Na verdade, nos demais textos que adotaram a sequência explicativa,
mas não expusemos sua análise nesta pesquisa, também ocorreram novas
expansões a partir do Texto Expandido. Sendo assim, um texto dissertativo de
uma tese pode conter novas expansões a partir do Texto Expandido, não
necessitando expandir apenas o que fora citado no Texto Reduzido. Todos
apresentaram a tese no último parágrafo e tal estratégia tornou os textos
altamente persuasivos.

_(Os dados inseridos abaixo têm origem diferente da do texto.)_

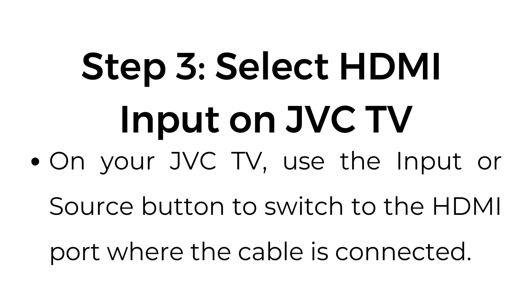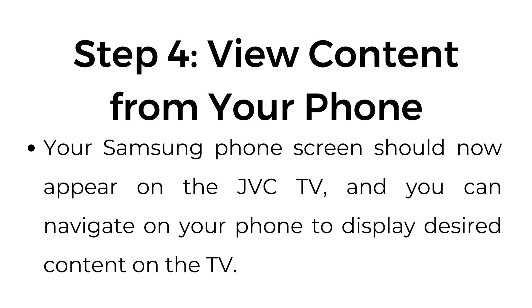Step number three: select HDMI input on your JVC TV. Use the input or source button to switch to the HDMI port where the cable is connected. Step number four: view content from your phone. Your Samsung phone screen should now appear on the JVC TV, and you can navigate on your phone to display desired content on the TV.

Expor a tese antecedendo a justificativa enfraquece a
persuasão, uma vez que o auditório poderia questionar a tese
antecipadamente.
Os textos que adotaram a sequência argumentativa como estrutura
organizacional (os de duas teses) apresentaram Tese 1> Contra-argumentos >
Argumentos > Tese 2. Apenas um deles, da totalidade de 3, sequenciou Tese 1
> Contra-argumentos > Tese 2 > Argumentos.
117
Como a Fuvest apresenta este enunciado antes da publicação dos 27
textos: “Exemplos de redações consideradas de bom nível pela Banca
Corretora por terem atendido, total ou parcialmente, os aspectos avaliados: tipo
de texto e abordagem do tema, estrutura e expressão”, entendemos que é
provável que alguns do textos publicados tenham alguns deslizes quanto a sua
estrutura organizacional ou manutenção temática. E exemplificamos com uma
amostra.
Os três textos analisados expandiram termos citados na categoria Tese
1 e apresentaram novos termos que também foram expandidos nas categorias
Contra-argumentos e Argumentos a fim de se chegar à Tese 2.
O gênero dissertativo é frequentemente solicitado por grande parte dos
principais vestibulares e as correções ainda são motivo de recurso (no caso,
dos vestibulares ou ENEM) ou discordância (no caso das instituições escolares
ou cursos preparatórios para o vestibular).
Não acreditamos, porém, que nossa pesquisa encerrará a discussão
sobre o tema. Achamos necessário investigar os interdiscursos presentes nas
dissertações. Nossa pesquisa tratou de como organizar textualmente o gênero
dissertativo, mas é necessário, ainda, investigar “o que dizer”, para dar conta
da construção de novos pontos de vista a serem projetados sobre um tema e
da organização textual-discursiva das opiniões.